Hi guys, I want to clean up (as in harmonize) the yaml frontmatter (metadata) fields of my vault. I’ve been using Obsidian for some months now and have been constantly adjusting the metadata fields which have become a real mess over time.
How can I get an overview of all metadata fields of all my files in the vault?
For example …
… from a frontmatter like this I would like to list the fields “title”, “date”, “author”, “source” and “link”.
Maybe if you add group by file.name, but it would still be overwhelming.
You’d most likely be better of with some script which summarises the usage, but it’s likely to be loads of data anyways. I’m not able to attempt to write anything before tomorrow.
It’s after midnight, so I guess it’s tomorrow, and I built a script to list all fields from frontmatter.
The list all frontmatter fields script
```dataviewjs
// Store an alias for long function name
const listProp = Object.getOwnPropertyNames
// Get frontmatter from every page having one
const allMatter =
dv.pages()
.where(p => listProp(p.file.frontmatter).length > 0)
.file.frontmatter
// Loop all of the frontmatter, and count all fields
let fieldList = {}
for (let frontmatter of allMatter) {
// For each frontmatter section, list and count each field
for (let field of listProp(frontmatter)) {
// console.log(field)
if (field in fieldList) {
fieldList[field] += 1
} else {
fieldList[field] = 1
}
}
}
// Build an ordinary array out of the dictionary
let fieldCounts = []
for (let key in fieldList) {
fieldCounts.push([key, fieldList[key]])
}
// Sort the array for display purposes
fieldCounts = fieldCounts.sort((a, b) => a[1] - b[1])
// console.log(fieldCounts)
// Present the final table of all fields found in
// frontmatter, with the most frequently used fields
// at the end of the table
dv.table(["name", "count"],
dv.array(fieldCounts)
.map(m => [m[0], m[1]])
)
```
This script does the following:
Store all frontmatter section from all notes having one into allMatter
Loop through allMatter and split into the separate fields, and store the count of these fields into fieldList (a dictionary object)

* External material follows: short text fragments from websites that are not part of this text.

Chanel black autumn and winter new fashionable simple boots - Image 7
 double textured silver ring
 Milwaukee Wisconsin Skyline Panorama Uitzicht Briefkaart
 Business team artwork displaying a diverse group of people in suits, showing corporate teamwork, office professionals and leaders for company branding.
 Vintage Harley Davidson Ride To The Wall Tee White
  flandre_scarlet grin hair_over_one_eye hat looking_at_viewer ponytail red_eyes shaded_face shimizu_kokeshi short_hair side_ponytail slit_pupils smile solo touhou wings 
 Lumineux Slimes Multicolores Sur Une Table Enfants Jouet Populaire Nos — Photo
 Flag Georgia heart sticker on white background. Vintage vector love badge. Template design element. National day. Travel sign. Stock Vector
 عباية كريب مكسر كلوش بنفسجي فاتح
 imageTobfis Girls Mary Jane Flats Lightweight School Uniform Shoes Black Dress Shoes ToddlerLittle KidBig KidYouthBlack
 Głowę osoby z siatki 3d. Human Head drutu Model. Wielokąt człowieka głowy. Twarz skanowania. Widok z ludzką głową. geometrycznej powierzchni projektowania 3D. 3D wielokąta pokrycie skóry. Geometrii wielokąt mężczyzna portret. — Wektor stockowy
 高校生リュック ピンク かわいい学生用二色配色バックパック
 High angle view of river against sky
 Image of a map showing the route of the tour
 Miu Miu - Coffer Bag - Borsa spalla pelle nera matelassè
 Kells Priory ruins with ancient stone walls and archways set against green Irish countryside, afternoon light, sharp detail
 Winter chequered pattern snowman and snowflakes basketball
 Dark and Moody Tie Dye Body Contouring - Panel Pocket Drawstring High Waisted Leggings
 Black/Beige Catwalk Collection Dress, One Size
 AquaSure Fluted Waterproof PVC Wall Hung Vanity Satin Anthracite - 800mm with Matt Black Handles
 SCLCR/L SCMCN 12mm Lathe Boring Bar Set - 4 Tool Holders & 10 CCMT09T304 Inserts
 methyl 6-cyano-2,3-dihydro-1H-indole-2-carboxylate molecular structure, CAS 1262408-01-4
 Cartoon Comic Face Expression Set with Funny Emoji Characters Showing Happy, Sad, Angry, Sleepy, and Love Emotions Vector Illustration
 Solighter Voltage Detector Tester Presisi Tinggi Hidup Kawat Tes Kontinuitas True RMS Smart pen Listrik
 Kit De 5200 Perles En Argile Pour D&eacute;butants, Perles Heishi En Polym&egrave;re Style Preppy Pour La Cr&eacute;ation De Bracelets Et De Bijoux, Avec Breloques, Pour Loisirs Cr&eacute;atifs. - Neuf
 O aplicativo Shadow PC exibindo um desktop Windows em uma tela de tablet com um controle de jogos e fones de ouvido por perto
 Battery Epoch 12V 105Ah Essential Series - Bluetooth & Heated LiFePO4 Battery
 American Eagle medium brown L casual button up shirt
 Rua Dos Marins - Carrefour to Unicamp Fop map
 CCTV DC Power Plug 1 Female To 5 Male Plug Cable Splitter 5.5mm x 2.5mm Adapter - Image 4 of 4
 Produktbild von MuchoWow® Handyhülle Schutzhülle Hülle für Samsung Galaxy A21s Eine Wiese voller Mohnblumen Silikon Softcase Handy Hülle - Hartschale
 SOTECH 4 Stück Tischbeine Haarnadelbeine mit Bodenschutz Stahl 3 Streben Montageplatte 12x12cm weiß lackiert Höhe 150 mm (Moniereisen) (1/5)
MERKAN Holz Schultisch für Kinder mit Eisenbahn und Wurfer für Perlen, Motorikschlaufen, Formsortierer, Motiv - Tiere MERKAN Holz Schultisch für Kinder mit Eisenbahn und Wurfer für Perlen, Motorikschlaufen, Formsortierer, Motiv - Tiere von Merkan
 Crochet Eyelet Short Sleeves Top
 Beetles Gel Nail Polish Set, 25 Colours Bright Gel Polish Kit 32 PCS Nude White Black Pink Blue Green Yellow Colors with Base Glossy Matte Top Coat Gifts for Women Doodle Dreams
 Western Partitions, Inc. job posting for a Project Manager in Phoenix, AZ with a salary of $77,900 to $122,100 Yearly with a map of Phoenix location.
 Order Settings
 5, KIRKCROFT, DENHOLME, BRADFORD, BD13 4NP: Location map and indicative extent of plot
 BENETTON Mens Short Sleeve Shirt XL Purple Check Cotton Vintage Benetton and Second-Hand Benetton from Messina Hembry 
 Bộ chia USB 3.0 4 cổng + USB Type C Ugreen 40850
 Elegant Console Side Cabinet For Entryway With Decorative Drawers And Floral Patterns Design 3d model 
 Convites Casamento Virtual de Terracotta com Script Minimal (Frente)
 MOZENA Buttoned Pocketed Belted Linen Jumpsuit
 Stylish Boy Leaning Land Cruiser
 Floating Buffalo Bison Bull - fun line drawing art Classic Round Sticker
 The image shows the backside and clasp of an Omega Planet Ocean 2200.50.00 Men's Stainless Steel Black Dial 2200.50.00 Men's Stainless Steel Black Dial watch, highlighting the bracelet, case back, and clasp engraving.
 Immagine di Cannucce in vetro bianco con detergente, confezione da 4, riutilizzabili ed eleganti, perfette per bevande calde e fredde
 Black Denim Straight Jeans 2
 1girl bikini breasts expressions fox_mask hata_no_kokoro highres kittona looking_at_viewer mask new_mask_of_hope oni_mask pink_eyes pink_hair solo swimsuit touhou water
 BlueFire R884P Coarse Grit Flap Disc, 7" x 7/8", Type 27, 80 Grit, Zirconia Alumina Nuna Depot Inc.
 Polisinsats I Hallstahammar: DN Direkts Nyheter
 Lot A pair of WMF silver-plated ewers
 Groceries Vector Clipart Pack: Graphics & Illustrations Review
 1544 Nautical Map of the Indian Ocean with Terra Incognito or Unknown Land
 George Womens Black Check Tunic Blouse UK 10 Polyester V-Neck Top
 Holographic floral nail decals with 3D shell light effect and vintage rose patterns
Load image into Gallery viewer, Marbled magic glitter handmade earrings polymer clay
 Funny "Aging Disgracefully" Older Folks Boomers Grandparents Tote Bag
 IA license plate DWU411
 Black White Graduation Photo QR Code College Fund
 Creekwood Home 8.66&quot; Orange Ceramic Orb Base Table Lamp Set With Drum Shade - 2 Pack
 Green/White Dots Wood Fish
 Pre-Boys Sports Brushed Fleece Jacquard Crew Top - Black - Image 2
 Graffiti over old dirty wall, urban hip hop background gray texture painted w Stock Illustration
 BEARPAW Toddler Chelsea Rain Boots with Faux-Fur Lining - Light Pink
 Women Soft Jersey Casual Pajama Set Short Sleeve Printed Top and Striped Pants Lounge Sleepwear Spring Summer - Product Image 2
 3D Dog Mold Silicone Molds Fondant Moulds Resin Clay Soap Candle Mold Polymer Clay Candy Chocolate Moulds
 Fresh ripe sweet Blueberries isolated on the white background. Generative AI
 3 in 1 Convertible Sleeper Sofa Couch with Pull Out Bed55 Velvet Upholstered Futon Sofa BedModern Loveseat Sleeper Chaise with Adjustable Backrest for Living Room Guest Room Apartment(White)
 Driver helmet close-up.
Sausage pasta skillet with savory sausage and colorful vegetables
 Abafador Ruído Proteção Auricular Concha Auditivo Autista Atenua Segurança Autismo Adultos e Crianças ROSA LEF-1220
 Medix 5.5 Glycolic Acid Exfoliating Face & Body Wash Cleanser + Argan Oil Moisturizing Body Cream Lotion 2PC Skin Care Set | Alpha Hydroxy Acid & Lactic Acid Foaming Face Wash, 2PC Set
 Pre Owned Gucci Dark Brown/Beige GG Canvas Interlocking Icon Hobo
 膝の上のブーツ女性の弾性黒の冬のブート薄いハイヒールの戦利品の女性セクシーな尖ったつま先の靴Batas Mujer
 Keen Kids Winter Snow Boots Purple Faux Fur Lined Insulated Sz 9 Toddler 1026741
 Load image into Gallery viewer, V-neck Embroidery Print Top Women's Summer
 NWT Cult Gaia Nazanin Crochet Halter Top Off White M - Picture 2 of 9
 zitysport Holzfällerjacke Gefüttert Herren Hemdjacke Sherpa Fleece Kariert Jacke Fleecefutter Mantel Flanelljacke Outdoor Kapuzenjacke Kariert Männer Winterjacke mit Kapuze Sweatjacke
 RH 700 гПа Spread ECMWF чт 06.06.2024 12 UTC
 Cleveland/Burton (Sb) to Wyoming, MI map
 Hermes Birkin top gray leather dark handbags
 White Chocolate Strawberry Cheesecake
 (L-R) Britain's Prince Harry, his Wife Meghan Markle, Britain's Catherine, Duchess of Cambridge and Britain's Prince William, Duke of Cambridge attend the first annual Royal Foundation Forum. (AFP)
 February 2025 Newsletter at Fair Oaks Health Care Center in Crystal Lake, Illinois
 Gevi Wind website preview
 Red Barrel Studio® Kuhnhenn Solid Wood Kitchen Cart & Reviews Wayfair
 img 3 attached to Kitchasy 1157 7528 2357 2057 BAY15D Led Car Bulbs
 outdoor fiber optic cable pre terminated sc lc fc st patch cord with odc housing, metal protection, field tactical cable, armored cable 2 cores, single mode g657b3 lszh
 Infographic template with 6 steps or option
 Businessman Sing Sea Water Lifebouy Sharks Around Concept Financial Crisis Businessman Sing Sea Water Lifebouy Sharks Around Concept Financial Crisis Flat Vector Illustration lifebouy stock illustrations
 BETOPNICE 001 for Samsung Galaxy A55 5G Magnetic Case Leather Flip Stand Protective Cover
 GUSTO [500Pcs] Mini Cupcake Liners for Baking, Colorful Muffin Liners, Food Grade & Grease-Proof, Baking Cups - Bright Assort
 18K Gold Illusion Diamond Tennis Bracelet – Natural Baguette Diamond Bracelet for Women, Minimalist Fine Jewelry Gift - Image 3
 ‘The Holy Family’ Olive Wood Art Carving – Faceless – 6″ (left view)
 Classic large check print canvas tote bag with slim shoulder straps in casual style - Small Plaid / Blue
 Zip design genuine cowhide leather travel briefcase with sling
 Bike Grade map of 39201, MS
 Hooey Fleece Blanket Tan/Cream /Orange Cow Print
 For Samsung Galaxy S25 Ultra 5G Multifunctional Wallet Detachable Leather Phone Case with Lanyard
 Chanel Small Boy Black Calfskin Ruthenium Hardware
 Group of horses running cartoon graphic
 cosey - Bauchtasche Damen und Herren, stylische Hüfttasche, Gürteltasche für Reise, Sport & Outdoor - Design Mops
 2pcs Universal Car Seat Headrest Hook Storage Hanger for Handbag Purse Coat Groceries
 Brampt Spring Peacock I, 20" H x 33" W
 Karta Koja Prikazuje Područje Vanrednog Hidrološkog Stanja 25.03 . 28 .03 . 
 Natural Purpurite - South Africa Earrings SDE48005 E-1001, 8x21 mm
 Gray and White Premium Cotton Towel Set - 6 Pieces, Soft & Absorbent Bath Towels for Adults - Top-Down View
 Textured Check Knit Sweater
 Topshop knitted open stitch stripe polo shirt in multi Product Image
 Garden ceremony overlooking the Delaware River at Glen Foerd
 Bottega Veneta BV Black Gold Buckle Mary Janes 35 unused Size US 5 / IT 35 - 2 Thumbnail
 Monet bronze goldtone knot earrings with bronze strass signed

Build another array, fieldCount, based upon fieldList, and sort this according to the frequency of the field
Output fieldCount into av dv.table(), with the least frequent field names on the top, and the most used on the bottom
Review of fields table
Then one can review the table, and see if there are some fields one would want to eliminate or consolidate. To help localise the various fields, the following snippet would most likely be useful:
```dataview
table file.frontmatter
where file.frontmatter and createddate
```
In the example above I’m listing the frontmatter with originating file for the field createddate, this of course you replace with whatever field you’re looking. If the field name has a space in it, replace with a dash/minus, aka Creation date becomes creation-date. The key name doesn’t depend on case.
Extra nugget: I’m so far not able to split up/flatten the file.frontmatter list of various fields in a DQL query. Are some of you up for that task?